I find these these events, and the articles about them, interesting not so much for tracking what values they people who attend these events espouse, but because the people at these events are often in a position to use terms describing said values. You see a lot of newer coinages--words known in back rooms and in the halls of congress, but not on the street--brought into the public sphere for the first time during events like this.

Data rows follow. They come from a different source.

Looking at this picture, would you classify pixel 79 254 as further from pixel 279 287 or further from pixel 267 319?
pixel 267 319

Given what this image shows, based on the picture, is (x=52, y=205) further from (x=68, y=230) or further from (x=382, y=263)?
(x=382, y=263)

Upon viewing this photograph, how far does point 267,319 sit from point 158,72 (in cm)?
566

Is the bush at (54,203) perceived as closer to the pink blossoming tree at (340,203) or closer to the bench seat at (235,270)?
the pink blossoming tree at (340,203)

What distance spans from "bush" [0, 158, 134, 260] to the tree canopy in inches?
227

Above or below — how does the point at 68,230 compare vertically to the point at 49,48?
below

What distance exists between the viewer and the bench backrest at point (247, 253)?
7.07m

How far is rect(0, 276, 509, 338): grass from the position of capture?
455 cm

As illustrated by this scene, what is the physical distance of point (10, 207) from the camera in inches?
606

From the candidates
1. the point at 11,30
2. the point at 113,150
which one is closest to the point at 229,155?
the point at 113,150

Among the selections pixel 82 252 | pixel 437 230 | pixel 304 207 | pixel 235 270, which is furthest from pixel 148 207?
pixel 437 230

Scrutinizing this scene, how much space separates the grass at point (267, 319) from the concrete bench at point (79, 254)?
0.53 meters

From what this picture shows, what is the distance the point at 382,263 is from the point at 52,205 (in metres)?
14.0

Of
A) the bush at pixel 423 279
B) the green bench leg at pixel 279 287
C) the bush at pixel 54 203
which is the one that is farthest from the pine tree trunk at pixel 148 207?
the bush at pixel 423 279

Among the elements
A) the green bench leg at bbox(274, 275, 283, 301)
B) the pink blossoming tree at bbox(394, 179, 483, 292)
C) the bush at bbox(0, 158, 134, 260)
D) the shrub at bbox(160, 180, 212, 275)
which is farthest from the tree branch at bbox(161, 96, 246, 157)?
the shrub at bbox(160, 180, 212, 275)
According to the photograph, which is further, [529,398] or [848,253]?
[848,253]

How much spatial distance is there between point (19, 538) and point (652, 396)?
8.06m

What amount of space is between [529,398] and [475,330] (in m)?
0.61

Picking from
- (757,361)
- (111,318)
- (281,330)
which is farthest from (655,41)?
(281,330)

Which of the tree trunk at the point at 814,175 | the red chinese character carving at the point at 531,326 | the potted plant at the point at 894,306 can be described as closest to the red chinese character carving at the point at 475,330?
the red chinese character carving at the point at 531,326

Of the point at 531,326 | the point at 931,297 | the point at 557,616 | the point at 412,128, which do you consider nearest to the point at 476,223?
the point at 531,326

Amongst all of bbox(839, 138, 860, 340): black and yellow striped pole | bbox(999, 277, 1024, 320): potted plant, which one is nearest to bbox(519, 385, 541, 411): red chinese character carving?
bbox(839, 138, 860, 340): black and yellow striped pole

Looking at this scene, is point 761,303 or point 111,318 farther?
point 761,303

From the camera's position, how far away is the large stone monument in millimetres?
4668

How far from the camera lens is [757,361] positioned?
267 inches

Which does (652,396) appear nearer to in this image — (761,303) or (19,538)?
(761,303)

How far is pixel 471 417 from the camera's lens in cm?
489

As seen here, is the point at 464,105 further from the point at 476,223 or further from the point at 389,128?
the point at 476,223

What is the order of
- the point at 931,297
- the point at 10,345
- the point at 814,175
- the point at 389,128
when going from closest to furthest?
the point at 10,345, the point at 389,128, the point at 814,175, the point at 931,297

Look at "social secular machine." That's going to take off on CNN soon, if it hasn't already. The GOP has talked a lot in the past few decades about what constitutes a social unit, what should constitute a social unit, the decay in the social unit, etc. But here, the idea of being "social" is becoming tainted through association with that bad-boy adjective, "secular," and the vaguely uncomfortable connotations of "machine." (Not to mention "socialism." It wasn't explicitly mentioned in Gingrich's threat-list, but the echoes are contained in the roots of the word themselves, and if people weren't talking about socialism as evil at the Values Voters Summit I'll eat my hat). There's no recognition that people are the ones who possess the quality of secular-ness; there's just this idea that groups of secular people are a machine. The word "machine" conjures up a lot of images--ants, production lines, shiny metal rivets--but none of the connotations of the word "machine" are particularly human, or particularly friendly. After all, humans create machines to do the work that they, as humans, don't want to do. So, as far as I can tell, the first danger is "groups of people who don't have a religion."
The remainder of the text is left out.